Emigration from Italy to Argentina was extensive in the nineteenth and early twentieth century. Indeed, there is an English novel on this site showing the result of this emigration. This book opens with three young Italian men in Gorizia, about twenty-six miles from Trieste. At that time (beginning of the twentieth century), that part of Italy was part of the Austro-Hungarian Empire.

The three young men are Enrico (who turns out to be Enrico Mreule – link in Italian), Carlo (who turns out to be the Carlo Michelstaedter) and Nino (who turns out to be Nino Paternolli – link in Italian). They are studious, hard-working and very well-read. They would read Homer, the tragedians, the Pre-Socratics, Plato, and the New Testament in the original Greek, and Schopenhauer – also, of course, in the original; the Vedas, the Upanishads, the Sermon of Benares and the other teachings of Buddha; Ibsen, Leopardi, and Tolstoy.
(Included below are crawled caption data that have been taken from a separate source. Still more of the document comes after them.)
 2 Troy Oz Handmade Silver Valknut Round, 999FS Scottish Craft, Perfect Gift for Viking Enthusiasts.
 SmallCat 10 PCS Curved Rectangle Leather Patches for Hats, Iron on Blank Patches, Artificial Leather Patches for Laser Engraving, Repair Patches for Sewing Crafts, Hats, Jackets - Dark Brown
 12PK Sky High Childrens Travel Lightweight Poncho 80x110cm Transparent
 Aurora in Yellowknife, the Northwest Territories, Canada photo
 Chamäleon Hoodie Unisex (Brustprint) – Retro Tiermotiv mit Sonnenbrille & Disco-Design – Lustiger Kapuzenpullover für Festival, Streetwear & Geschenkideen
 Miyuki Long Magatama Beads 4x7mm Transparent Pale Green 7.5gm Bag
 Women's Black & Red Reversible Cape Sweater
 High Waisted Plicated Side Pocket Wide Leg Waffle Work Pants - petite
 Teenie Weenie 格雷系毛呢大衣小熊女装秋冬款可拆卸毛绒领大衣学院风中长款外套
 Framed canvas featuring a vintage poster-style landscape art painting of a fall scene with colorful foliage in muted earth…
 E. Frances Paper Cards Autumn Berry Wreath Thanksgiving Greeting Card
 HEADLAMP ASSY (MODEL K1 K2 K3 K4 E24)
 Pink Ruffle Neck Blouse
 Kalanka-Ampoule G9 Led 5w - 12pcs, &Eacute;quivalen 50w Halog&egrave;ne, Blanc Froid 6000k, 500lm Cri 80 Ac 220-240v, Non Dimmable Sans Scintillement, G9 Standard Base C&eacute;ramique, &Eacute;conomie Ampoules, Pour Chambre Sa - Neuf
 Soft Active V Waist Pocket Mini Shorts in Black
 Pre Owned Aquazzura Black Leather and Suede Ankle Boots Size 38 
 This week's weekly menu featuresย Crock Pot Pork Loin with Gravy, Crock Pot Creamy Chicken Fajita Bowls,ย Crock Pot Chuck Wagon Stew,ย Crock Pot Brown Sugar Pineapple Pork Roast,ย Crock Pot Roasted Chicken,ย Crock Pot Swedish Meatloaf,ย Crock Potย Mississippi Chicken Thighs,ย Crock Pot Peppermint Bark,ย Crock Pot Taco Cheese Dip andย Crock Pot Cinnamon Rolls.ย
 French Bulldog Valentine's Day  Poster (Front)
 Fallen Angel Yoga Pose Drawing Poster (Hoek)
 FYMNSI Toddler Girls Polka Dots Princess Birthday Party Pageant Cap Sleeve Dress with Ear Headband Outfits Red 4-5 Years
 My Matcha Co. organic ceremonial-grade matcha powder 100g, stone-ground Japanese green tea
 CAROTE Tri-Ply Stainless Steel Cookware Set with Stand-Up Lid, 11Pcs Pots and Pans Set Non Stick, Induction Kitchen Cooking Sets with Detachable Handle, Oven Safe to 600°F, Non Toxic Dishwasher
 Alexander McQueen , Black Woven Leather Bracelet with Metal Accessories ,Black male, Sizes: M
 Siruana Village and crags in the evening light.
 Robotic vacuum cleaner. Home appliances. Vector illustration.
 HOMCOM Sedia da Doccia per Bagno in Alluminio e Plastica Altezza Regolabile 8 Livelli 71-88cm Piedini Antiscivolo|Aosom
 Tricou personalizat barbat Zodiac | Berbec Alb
They also discussed philosophy and other learned matters. As well as study, they did have other forms of relaxation, going to the beach and swimming, sometimes with a group of three young women: Paula, Argia and Fulvia.

At the beginning of the novel, we learn that Enrico has decided to emigrate. He is not particularly happy at home. His father is dead and his mother is not very affectionate and clearly prefers Enrico’s younger brother. Another reason is that he does not want to join the army. This is not because he is against the Dual Monarchy but does not want his head shaved. However, it seems that he will feel somewhat lost without his two friends. Whether this voyage of escape marks the beginning or end of his life is uncertain.

He had planned to keep up their discussions by mail but, when it comes to it, he sends only very short, uninformative postcards. The other two cannot understand and write to him to tell him how much they looked up to him. His model is his old teacher Schubert-Soldern. He turned down the chair of philosophy at the University of Leipzig to become a supply teacher. Enrico thinks he understands him. The only knowable reality is the knowledge of the knower.

In Patagonia he has a solitary existence, which is all he wants. He has good relations with the Indians (including casual sexual relations). No idle chit-chat. Ban poets from the philosopher’s Ideal State, and even from the tent pitched for the night or, as his sixteen-year old self put it Die Freiheit ist im Nichts: freedom exists in nothingness.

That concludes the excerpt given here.